# TASK INSTRUCTIONS
In the records below, find the line that contains "walk in closet" and the line that contains "sala de estar". Set down exactly those lines and every line between them, and nothing more.

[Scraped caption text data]
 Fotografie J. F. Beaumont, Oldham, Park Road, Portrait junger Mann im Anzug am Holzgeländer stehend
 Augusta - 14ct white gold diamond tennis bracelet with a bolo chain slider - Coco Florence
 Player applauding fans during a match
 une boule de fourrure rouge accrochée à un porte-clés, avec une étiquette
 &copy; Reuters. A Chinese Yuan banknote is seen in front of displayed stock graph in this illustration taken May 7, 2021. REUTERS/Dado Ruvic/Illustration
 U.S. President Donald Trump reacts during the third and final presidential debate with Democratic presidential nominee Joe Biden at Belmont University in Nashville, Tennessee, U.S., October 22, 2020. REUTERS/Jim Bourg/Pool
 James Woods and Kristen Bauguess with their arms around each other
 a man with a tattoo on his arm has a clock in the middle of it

---

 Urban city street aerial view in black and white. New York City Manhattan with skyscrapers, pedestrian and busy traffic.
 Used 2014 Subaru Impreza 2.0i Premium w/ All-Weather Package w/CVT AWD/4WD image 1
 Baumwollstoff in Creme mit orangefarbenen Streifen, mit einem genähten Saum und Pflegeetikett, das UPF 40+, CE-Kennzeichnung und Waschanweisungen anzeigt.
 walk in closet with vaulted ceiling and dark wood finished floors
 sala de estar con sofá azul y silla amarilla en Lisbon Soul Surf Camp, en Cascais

# SOLUTION FOR THIS TASK
 walk in closet with vaulted ceiling and dark wood finished floors
 sala de estar con sofá azul y silla amarilla en Lisbon Soul Surf Camp, en Cascais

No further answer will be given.